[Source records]
---------------

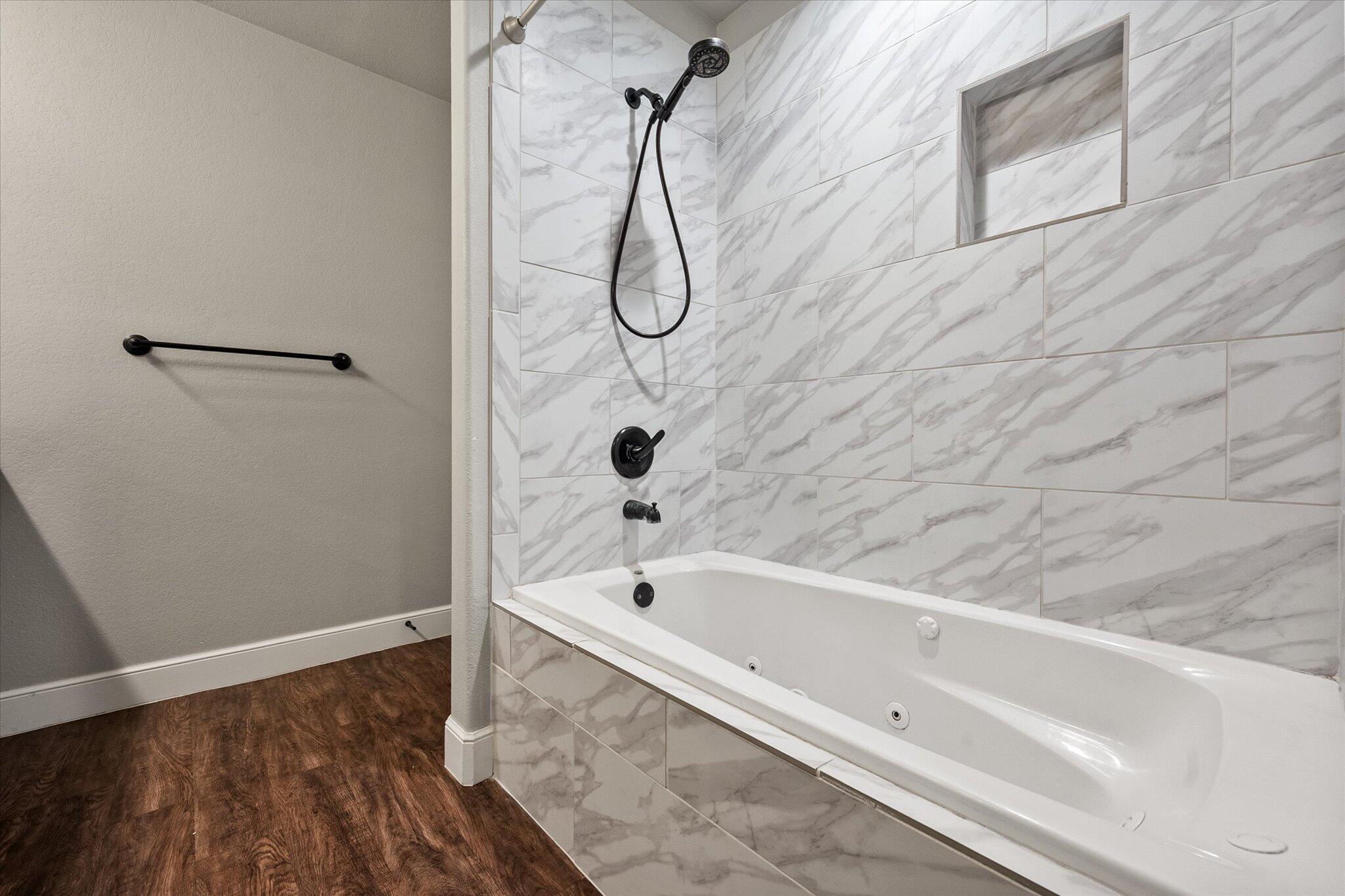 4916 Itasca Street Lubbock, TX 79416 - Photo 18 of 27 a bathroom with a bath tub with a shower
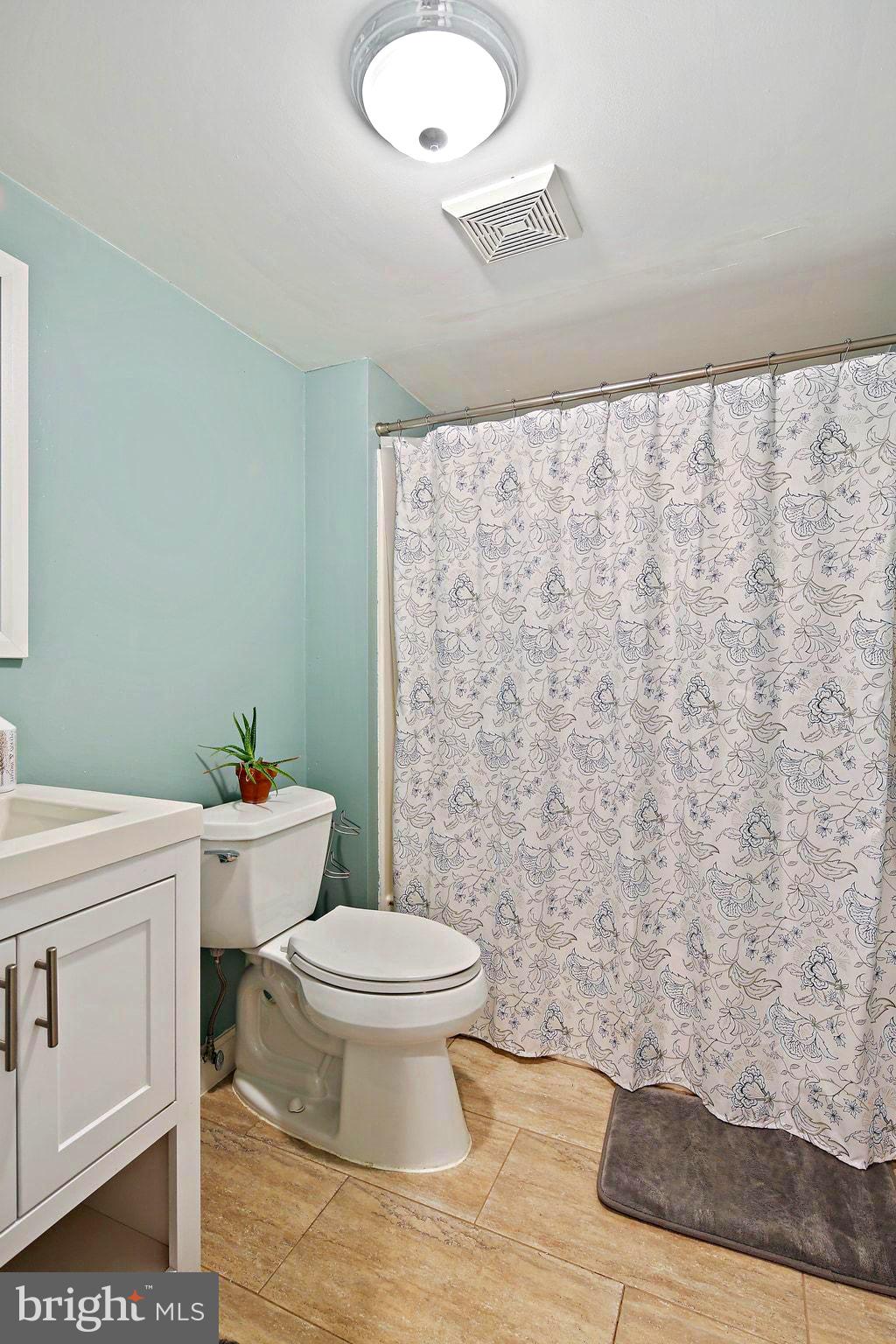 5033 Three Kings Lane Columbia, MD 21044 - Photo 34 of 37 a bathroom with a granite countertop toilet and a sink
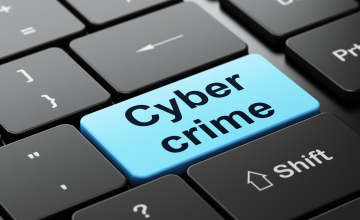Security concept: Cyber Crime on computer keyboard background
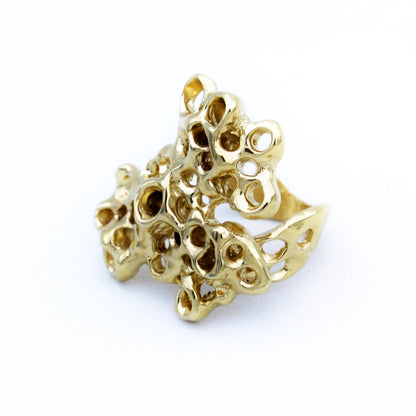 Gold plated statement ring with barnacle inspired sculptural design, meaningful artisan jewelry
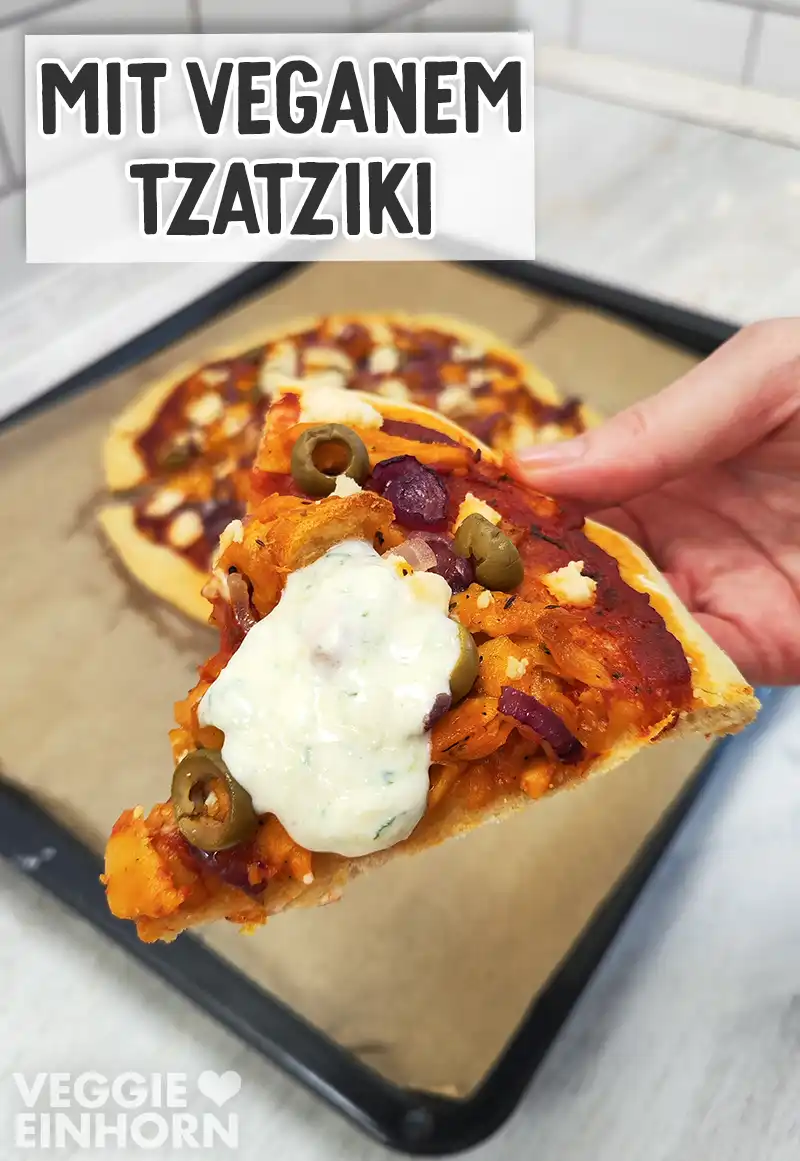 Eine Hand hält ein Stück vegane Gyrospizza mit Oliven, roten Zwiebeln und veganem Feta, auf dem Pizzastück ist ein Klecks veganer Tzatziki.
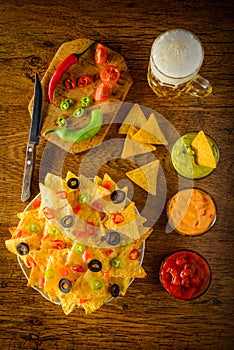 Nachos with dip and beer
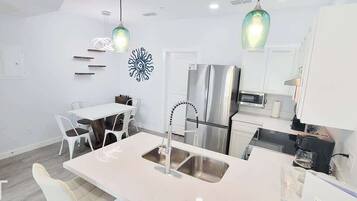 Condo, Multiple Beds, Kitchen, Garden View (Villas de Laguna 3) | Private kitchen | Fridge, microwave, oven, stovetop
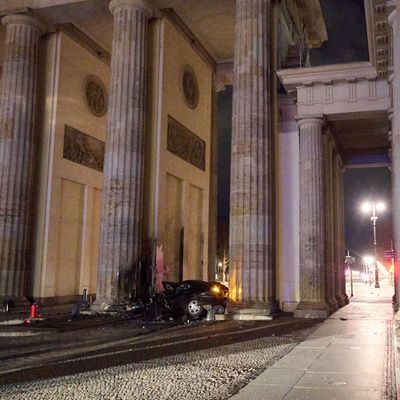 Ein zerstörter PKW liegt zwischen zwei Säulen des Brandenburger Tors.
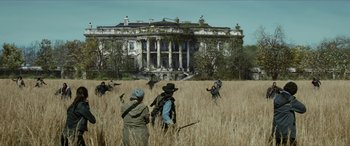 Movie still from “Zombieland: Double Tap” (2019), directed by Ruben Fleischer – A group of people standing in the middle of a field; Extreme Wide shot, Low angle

---------------

## PROBLEM TO SOLVE
The copy should hold exactly the lines above from the one with "Nachos with dip and beer" through the one with "Ein zerstörter PKW", both ends counted, and no pictures at all.

## FINISHED EXERCISE
 Nachos with dip and beer
 Condo, Multiple Beds, Kitchen, Garden View (Villas de Laguna 3) | Private kitchen | Fridge, microwave, oven, stovetop
 Ein zerstörter PKW liegt zwischen zwei Säulen des Brandenburger Tors.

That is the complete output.